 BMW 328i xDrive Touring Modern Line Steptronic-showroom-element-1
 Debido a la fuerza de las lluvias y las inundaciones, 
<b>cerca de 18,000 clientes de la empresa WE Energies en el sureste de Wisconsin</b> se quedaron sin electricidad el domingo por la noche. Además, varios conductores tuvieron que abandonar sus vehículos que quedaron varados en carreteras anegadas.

### Work required
Restate the entire listing verbatim.

### Finished task
 BMW 328i xDrive Touring Modern Line Steptronic-showroom-element-1
 Debido a la fuerza de las lluvias y las inundaciones, 
<b>cerca de 18,000 clientes de la empresa WE Energies en el sureste de Wisconsin</b> se quedaron sin electricidad el domingo por la noche. Además, varios conductores tuvieron que abandonar sus vehículos que quedaron varados en carreteras anegadas.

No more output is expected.